Awww. I'm glad you didn't have to face this alone, and I'm glad he is feeling better now.


----------



## Liz (Oct 2, 2010)

So glad you and Oscar have more time together


----------



## Streetcar (Apr 13, 2014)

I am so happy for this outcome.

ETA I've experienced several meaningful deaths in the last 13 months which have impacted me hugely. Every morning that I am graced to wake up and with my precious Tpoo, I quite literally give thanks.


----------



## 94Magna_Tom (Feb 23, 2021)

Miracles do happen! So glad he's OK now! 🙏


----------



## Minie (Oct 4, 2021)

So glad you have been blessed with more time with Oscar. Enjoy the precious time you have been given. Thinking of you all 🤗


----------



## Mfmst (Jun 18, 2014)

I am very glad Oscar is better! It is SO scary when your animals aren’t well, because they can’t say what exactly is wrong, especially seniors.
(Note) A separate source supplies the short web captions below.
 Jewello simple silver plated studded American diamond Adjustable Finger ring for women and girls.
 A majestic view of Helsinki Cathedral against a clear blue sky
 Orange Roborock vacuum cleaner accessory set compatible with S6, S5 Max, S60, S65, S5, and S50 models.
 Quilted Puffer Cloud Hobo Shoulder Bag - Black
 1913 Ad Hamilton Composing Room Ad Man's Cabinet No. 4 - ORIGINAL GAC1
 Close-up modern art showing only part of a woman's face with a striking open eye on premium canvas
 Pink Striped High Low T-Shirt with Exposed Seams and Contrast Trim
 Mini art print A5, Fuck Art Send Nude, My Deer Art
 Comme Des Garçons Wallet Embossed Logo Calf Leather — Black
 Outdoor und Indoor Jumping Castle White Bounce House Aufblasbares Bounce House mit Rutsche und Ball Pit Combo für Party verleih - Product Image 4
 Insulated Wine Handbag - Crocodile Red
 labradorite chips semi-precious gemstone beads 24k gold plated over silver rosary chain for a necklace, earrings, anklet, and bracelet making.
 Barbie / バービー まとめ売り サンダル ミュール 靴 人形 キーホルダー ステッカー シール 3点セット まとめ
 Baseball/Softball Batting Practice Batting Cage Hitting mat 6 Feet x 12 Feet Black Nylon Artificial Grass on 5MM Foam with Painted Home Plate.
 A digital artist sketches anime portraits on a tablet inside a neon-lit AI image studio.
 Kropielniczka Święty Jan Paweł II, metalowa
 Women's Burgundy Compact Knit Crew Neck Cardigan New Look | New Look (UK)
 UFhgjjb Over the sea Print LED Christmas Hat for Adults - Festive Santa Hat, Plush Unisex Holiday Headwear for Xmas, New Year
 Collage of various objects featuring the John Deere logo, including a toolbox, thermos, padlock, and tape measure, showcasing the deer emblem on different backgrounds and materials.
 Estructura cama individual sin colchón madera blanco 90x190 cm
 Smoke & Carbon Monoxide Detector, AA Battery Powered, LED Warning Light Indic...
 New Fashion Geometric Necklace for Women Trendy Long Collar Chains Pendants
Prayers for Oscar’s continued good health forward.


----------



## fjm (Jun 4, 2010)

I am so glad he came through such a frightening episode safely. I hope your vet can pinpoint the cause and help him, and you, enjoy the extra time together you have been given.


----------



## MaizieFrosty (Apr 12, 2019)

Jojo, that is wonderful to hear! Oscar is so blessed to have you. I hope he's still doing well! (And if there's anyone who can't read a post about someone's religious practices, that would be sad. Faith is a critical part of some people's lives.)


----------